Overheads dent Constellation Brands' Q2 profits08 October 2012
Constellation Brands has reported a 23% slump in second-quarter profits after the US beverage firm was hit by higher tax provisions and overhead costs.
Constellation posted a profit of $124.6 million in the quarter ending 31 August. Net sales were up 1.2% to $698.5 million.
The wine and beer firm’s income tax bill increased to $21.9 million, up from $3.9 million during the same period last year. Selling, general and administrative expenses rose by 12%.
Nontheless, Constellation said that it was pleased with the performance of its core business and growth prospects.
“As we execute our profitable, organic growth strategy, we are encouraged by the strength of our core beer, wine and spirits businesses including the success of our new product introductions and innovation pipeline across our entire portfolio of outstanding brands," said Rob Sands, Constellation Brands’ president and chief executive.
"We remain excited about the prospect of owning 100% of Crown Imports, which represents a transformational step for our company as it will solidify Constellation's position in the US beer industry for the long-term.
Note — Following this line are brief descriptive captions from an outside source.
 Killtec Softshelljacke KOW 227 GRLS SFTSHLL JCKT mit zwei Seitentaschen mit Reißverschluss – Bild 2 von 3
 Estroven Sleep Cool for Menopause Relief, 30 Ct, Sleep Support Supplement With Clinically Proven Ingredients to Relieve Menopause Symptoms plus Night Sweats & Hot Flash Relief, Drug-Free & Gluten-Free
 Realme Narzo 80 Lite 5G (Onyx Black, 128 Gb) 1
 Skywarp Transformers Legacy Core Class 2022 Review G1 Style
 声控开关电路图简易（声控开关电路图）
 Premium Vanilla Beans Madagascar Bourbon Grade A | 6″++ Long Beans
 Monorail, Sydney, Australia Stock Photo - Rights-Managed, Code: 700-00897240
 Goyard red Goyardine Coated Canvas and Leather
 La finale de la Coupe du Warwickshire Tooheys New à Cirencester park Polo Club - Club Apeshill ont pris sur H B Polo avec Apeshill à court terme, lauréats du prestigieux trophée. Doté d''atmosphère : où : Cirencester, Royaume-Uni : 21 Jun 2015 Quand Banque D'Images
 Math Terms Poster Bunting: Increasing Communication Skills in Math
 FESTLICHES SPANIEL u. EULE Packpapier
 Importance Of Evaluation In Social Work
This transaction is still targeted to close during the first quarter of calendar 2013."
Constellation struck a deal to fully acquire Crown Imports LLC for $1.85 million in late June following partners Grupo Modelo’s decision to offload its share of the joint venture. The sale was designed to allay antitrust fears after ABInBev reached an agreement to buy Grupo Modelo for $20 billion in the summer.
Corona distributor Crown Imports is the US’ third largest supplier by volume and is expected to enable Constellation to double its annual sales.